I've started and deleted this journal more times than I can count. I am just not consistent enough, a common problem in my life. It's been a blog for youtube, which didn't last long, a fashion blog and on multiple occasions a personal blog. I find myself now at a bit of a stalemate in life, I am bored, I am dull and I'm running on empty. I'm tired of doing nothing, I'm tired of reading blogs and wanting to join in. No one may read this, or everyone might, either way I need something new and this is it. So hello world I am Vanessa.

Before anything else let me introduce myself. My name is Vanessa, I am 24 years old and I've lived my entire life in Vancouver, British Columbia. I recently graduated from College and am doing nothing with it. I work in retail instead and when I think back to when I was that young, naive 15 year old girl with a blog I never imagined myself stuck here at 24. I am floundering, I know it is something that all young adults go through, but I've come to the realization that I have no idea what my next step will be and at this point shouldn't I at least know?

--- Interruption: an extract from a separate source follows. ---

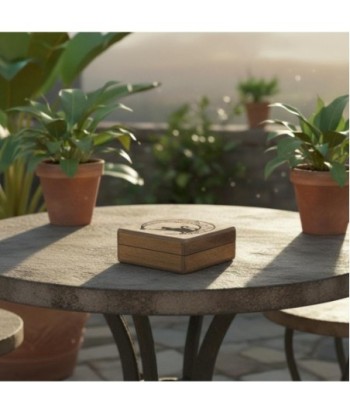 Caja Decorativa Gato Pequeña para Hogar, Organizador de Madera, Accesorio Decoración, Estilo Étnico, Regalo Original Caja Decorativa Gato Pequeña para Hogar, Organizador de Madera, Accesorio Decoración, Estilo Étnico, Regalo Original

Now my life isn't all bad, I've actually enjoyed a lot of it along the way. When it comes to goals, outside of my professional life, I am kickass at achieving them. I've pushed myself, I've done things I was scared of, I've broadened my horizons, I'm quite proud of the adult I've become. For the most part.

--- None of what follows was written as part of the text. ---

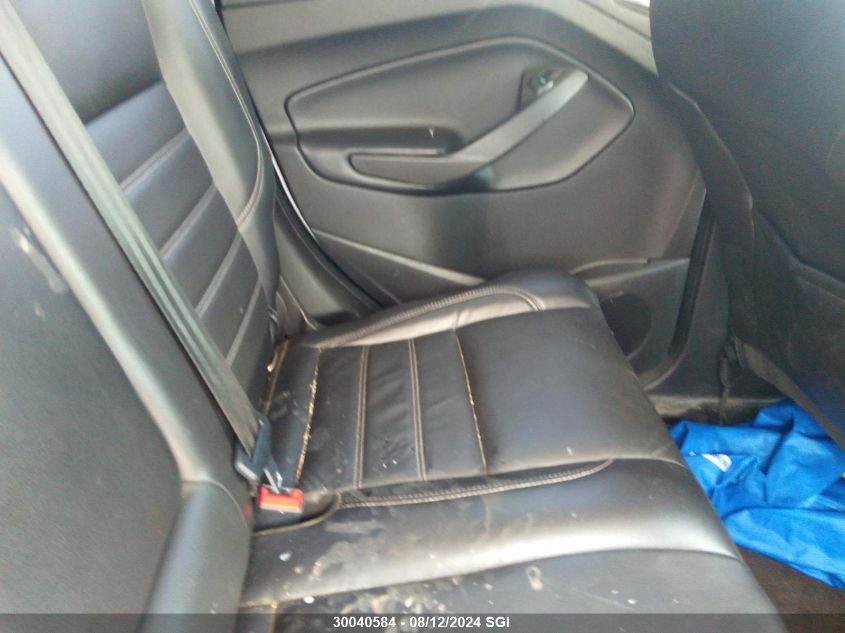 2018 Ford Escape Sel VIN: 1FMCU9HD8JUA45464 Lot: 30040584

I've always been good at writing, but I am the worst at writing endings, and maybe that will be another goal of mine that writing this blog might help me finesse along the way. Until then I'm going to use this blog to clear my head, write out my thoughts and help me steer myself in the right direction. I've always been shy, kept my personal business to myself, but in the past few years have just kind of grown a who cares attitude to how others see me. It's the thick skin I should have developed years ago in high school, but it's here now and so is my blog to prove it.

Alright, I think that's enough for one night.